(TRY IT) The output is the lines below from the one with "Coltello A Serramanico" through the one with "Pagani Huayra [VR] para GTA San Andreas", both included, printed exactly and with no other line.

(INFORMATION GIVEN)

=== Begin Enclosure ===

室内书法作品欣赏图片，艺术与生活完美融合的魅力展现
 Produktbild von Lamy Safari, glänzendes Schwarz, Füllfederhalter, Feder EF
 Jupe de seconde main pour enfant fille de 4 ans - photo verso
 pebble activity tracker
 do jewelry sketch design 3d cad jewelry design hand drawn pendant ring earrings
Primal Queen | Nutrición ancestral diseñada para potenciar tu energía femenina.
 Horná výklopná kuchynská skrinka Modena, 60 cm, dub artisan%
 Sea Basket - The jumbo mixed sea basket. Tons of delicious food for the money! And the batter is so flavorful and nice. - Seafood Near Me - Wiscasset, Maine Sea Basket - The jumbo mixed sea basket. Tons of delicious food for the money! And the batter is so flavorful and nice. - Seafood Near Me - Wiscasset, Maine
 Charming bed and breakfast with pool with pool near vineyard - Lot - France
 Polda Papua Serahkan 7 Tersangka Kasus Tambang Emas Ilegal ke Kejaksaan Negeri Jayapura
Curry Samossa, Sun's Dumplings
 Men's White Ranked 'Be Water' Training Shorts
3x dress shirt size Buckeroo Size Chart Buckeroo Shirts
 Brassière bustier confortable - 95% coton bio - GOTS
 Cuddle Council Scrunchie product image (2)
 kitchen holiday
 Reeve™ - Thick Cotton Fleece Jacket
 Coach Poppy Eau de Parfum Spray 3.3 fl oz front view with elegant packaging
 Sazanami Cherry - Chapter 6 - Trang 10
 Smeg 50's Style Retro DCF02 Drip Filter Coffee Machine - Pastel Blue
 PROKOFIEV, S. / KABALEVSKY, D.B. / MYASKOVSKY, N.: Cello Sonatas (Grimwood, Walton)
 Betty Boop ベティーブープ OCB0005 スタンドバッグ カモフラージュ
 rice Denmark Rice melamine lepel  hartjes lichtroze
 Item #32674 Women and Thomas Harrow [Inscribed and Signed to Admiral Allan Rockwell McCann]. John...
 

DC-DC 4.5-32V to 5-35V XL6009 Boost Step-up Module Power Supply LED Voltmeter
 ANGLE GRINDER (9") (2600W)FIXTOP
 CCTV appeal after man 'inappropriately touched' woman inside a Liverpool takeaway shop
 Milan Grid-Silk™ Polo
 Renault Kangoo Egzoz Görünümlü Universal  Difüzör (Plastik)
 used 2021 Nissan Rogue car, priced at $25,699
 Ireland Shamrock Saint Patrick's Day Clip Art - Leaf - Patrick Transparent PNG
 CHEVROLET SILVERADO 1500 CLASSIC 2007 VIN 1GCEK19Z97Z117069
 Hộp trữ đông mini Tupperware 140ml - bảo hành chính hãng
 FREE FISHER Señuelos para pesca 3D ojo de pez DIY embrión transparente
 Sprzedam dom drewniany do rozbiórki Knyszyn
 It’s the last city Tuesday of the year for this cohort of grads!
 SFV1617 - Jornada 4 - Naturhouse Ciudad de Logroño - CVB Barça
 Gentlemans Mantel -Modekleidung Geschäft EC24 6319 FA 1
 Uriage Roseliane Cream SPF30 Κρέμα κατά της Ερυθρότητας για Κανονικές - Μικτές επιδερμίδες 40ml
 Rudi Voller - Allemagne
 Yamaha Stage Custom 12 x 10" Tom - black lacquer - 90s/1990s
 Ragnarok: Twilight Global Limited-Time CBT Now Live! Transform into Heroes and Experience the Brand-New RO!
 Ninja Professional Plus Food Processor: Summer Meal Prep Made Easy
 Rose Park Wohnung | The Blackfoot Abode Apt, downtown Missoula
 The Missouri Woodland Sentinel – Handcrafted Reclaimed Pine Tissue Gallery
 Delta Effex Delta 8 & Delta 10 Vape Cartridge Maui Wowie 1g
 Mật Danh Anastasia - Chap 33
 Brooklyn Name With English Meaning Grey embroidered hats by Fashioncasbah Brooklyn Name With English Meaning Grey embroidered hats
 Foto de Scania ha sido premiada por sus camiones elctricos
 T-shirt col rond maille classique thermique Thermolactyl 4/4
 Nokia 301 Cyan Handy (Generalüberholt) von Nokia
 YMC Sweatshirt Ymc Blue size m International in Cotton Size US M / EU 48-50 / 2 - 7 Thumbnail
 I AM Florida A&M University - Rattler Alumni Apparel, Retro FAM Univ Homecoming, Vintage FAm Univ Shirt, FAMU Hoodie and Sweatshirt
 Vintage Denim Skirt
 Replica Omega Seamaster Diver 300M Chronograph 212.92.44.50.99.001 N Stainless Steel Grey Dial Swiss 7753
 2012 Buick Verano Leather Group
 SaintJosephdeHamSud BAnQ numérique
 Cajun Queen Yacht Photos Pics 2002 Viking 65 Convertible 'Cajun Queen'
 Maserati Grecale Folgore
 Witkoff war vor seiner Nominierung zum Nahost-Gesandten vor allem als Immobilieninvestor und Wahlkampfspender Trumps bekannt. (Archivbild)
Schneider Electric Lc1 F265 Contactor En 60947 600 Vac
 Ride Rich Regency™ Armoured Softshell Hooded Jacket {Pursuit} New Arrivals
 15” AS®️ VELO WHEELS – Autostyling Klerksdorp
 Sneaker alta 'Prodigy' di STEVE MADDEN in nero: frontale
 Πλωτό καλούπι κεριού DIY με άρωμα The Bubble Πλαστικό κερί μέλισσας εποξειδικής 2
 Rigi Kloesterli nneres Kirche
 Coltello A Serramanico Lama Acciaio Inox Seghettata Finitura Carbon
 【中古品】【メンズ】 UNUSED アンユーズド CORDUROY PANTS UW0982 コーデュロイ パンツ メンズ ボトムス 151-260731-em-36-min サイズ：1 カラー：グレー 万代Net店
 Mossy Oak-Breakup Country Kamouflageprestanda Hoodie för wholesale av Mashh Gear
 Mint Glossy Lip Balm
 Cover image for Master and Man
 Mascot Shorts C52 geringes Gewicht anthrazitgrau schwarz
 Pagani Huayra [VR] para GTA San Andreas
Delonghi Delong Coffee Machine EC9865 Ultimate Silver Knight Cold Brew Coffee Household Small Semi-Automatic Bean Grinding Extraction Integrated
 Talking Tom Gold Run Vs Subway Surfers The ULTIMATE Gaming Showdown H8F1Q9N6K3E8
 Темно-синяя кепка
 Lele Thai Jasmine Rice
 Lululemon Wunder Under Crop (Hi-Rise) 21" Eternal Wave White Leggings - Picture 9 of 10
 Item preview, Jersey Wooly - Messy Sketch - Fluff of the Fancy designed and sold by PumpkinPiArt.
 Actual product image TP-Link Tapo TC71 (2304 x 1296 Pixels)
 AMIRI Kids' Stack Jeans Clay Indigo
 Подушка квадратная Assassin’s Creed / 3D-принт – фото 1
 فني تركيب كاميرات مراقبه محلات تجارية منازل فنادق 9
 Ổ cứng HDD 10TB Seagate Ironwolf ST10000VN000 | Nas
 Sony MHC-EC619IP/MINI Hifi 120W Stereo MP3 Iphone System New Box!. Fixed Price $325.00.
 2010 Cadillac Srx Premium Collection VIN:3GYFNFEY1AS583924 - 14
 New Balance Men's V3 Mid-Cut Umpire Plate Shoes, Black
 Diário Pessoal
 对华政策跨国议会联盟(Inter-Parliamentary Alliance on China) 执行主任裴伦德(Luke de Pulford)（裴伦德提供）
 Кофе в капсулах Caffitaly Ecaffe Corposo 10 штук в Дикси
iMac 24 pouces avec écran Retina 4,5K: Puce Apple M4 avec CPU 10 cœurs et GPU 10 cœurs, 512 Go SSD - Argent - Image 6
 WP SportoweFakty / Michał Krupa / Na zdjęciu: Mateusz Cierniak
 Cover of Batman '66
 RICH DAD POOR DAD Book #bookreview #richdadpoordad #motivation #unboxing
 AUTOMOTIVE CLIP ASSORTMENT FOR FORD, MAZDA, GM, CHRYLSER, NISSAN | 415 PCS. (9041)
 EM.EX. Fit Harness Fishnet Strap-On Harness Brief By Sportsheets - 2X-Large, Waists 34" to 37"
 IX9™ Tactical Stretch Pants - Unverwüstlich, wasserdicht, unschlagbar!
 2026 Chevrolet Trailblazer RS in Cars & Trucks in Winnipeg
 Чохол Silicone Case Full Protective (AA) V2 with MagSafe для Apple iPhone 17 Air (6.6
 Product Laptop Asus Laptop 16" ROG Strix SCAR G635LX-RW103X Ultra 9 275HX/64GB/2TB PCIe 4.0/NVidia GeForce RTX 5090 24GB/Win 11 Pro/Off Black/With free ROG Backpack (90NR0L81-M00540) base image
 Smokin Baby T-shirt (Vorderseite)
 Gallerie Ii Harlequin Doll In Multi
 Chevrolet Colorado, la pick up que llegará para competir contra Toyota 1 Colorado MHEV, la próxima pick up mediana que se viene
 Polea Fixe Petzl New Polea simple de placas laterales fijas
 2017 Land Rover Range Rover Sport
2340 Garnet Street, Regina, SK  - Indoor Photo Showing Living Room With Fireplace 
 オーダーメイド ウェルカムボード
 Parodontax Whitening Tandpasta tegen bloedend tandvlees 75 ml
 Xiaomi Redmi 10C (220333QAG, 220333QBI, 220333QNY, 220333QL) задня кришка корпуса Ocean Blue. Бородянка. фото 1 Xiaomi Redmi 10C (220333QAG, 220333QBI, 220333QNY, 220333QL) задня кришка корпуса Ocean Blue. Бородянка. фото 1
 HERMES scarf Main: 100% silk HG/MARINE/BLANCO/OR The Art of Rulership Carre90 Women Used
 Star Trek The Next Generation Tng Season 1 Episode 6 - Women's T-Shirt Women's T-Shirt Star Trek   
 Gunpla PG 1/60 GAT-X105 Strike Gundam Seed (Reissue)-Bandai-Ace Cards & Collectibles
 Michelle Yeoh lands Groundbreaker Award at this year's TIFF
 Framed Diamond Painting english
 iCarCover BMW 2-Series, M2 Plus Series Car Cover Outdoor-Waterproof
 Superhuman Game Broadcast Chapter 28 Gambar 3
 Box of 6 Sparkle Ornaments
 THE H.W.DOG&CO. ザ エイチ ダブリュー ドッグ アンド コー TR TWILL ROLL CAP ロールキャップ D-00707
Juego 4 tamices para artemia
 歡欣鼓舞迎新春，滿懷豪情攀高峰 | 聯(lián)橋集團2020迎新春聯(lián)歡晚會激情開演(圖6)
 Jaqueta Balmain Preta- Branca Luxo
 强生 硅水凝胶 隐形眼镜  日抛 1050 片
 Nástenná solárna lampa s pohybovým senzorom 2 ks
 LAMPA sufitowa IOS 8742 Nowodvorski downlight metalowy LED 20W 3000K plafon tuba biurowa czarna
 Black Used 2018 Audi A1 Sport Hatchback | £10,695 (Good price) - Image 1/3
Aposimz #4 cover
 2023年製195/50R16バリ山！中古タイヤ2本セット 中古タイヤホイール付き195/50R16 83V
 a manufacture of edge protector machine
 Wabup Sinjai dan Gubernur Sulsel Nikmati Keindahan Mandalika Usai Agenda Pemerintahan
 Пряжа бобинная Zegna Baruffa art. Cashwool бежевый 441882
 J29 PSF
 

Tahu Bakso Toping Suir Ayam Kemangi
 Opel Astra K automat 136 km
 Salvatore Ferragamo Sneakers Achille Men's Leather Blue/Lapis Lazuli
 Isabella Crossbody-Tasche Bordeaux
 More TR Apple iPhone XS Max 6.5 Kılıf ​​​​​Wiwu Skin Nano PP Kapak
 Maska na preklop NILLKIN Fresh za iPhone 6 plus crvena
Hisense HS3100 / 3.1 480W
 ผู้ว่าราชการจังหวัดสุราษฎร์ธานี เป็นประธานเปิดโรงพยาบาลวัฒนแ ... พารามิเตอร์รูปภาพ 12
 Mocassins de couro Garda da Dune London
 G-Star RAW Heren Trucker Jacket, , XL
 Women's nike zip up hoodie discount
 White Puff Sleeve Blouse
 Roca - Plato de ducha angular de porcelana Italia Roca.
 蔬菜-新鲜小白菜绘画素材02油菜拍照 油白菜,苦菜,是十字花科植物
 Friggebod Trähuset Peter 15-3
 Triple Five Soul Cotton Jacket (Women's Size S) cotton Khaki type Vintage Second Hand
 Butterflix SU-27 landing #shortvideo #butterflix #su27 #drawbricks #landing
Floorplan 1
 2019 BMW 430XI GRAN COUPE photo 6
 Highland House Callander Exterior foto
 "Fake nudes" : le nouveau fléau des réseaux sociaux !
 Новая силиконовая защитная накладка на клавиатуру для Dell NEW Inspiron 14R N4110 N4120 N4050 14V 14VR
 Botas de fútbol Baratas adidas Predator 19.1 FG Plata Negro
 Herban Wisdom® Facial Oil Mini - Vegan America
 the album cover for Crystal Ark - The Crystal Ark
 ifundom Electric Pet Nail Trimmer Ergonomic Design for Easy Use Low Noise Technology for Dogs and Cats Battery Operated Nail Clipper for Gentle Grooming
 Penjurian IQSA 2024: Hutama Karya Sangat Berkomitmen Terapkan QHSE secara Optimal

=== End Enclosure ===

(ANSWER)
 Coltello A Serramanico Lama Acciaio Inox Seghettata Finitura Carbon
 【中古品】【メンズ】 UNUSED アンユーズド CORDUROY PANTS UW0982 コーデュロイ パンツ メンズ ボトムス 151-260731-em-36-min サイズ：1 カラー：グレー 万代Net店
 Mossy Oak-Breakup Country Kamouflageprestanda Hoodie för wholesale av Mashh Gear
 Mint Glossy Lip Balm
 Cover image for Master and Man
 Mascot Shorts C52 geringes Gewicht anthrazitgrau schwarz
 Pagani Huayra [VR] para GTA San Andreas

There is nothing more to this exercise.